I'm not sure what to do next. I'd thought that I would research for months. But now I have a voice, and I sort of know where I want the story to go, I'm tempted to write first and research later to fill in the gaps. Part of me, though, knows that I'm not the world's strongest researcher in the first place. Hey, if were interested in facts, I'd write non-fiction, wouldn't I? While writing my first novel, also set in the past, I did have 'film director moments' where I stared blankly round the room wondering where my art director was. As I didn't have one, I decided to ignore the areas of architecture, furniture and clothing. Except when I needed one or other of them to have a psychological impact on one of my characters. If I leap in now with my new novel, it'll be same again. Possibly even more so.

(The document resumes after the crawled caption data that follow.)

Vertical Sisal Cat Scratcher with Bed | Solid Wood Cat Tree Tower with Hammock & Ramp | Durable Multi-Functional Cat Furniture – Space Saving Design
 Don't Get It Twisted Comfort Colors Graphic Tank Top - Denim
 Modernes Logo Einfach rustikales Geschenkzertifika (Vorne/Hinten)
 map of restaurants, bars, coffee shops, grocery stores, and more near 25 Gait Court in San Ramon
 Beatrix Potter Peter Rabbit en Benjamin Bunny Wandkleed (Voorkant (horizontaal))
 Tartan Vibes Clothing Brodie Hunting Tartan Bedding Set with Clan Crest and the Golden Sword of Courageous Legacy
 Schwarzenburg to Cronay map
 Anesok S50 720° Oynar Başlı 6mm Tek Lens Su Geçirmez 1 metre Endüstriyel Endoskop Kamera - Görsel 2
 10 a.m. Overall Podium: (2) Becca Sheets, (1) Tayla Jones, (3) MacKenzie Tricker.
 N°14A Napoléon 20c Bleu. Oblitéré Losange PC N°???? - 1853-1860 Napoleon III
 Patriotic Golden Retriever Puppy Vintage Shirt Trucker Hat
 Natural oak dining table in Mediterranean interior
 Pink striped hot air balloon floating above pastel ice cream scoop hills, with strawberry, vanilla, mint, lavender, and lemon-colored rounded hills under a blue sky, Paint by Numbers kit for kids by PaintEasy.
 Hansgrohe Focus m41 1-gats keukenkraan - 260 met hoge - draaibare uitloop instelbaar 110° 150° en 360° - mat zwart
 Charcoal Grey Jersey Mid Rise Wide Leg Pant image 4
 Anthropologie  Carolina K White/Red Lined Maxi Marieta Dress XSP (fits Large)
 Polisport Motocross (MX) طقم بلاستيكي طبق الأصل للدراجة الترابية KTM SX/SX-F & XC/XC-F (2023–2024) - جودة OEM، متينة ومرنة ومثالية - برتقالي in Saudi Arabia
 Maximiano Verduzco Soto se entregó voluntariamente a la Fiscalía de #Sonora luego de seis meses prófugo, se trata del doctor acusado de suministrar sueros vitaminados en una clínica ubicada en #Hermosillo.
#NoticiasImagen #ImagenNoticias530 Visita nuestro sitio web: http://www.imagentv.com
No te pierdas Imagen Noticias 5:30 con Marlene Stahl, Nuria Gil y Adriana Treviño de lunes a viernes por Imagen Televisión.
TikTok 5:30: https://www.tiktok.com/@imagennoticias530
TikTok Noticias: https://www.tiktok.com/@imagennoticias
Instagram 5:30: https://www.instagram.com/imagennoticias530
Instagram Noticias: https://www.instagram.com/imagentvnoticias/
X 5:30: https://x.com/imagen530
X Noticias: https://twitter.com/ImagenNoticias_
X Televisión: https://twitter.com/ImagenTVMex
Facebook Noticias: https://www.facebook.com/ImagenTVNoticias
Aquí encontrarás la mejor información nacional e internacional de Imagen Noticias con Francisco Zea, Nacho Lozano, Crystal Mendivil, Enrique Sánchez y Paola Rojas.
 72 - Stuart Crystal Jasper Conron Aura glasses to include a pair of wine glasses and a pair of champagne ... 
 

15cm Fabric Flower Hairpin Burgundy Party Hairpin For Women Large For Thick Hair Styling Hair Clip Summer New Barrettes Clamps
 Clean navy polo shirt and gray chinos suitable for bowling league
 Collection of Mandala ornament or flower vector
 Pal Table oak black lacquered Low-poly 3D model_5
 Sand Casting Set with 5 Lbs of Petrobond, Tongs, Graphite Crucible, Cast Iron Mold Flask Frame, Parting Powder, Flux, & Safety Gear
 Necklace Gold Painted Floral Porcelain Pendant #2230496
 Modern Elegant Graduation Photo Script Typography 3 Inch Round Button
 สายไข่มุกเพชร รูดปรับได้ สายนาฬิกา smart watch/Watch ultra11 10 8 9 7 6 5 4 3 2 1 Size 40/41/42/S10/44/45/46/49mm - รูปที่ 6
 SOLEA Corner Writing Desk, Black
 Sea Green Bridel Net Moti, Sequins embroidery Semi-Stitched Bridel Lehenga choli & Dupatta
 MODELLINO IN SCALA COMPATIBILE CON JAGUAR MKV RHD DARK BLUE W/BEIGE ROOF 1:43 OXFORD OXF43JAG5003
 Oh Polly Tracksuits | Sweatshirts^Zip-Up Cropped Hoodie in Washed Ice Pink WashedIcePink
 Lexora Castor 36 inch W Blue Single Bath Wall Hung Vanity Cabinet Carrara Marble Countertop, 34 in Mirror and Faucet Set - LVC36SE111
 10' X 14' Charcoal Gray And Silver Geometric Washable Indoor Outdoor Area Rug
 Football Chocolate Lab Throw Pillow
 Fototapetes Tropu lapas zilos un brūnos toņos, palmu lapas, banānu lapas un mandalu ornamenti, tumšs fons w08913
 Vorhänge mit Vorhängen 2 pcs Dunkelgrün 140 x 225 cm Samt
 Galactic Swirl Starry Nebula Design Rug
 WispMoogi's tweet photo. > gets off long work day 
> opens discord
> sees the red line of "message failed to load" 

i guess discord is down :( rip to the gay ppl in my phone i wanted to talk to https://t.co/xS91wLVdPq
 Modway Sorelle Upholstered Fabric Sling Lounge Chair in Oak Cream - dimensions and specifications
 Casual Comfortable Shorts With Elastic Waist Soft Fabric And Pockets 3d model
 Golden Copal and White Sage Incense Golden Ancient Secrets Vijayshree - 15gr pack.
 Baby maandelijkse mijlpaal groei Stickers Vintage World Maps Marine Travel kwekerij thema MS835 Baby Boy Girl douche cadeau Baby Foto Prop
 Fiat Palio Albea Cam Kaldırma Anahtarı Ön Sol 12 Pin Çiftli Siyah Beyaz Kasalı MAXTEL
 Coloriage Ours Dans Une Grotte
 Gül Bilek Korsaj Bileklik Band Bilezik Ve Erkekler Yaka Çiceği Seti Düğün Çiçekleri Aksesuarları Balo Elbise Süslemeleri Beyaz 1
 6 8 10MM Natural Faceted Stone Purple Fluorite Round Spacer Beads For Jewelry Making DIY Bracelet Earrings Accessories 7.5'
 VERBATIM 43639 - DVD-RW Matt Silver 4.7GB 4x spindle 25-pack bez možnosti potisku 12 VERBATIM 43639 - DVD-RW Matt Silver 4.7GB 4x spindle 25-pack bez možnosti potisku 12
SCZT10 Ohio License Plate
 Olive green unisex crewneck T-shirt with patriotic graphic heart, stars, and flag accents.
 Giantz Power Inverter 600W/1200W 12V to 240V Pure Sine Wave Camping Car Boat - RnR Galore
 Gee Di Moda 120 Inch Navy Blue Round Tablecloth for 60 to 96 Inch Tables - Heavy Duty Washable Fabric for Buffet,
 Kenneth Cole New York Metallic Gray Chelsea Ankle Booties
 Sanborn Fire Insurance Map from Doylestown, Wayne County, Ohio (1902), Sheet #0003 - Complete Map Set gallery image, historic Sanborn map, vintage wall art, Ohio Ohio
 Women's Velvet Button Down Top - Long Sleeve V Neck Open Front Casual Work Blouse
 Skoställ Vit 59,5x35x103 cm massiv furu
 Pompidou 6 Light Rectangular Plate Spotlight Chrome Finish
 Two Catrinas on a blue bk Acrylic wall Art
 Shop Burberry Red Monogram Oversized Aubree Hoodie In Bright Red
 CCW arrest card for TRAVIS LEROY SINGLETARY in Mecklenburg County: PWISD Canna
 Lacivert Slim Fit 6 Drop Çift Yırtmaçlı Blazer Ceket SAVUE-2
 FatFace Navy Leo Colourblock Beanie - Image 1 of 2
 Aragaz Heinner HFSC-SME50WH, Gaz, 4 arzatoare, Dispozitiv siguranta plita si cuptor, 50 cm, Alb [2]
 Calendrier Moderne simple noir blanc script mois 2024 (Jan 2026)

There's also the risk that I want to throw myself in at the deep end straight away just for the buzz of writing a first draft. I could seriously do with an adrenaline rush at the moment. During my twelve days alone I really missed what a commissioning editor I once met referred to as 'doing the vomit'. Writing feels so much better than planning. So I am aware of my own desperate need for the pleasure of getting words down on paper.
But, the screenplays I've written that I've actually ended up directing, have been written like this. There's been a strong urge. Screenplays are shorter, though. I can complete a feature script first draft in a fortnight. For a novel I need far more staying power, and life will get in the way. Will I be able to keep up the momentum?
Well, I'll have to see. My daughter has just come to sit beside me and is singing 'Everybody, everybody wants to be a cat.' The school holidays are nearly over… but not quite.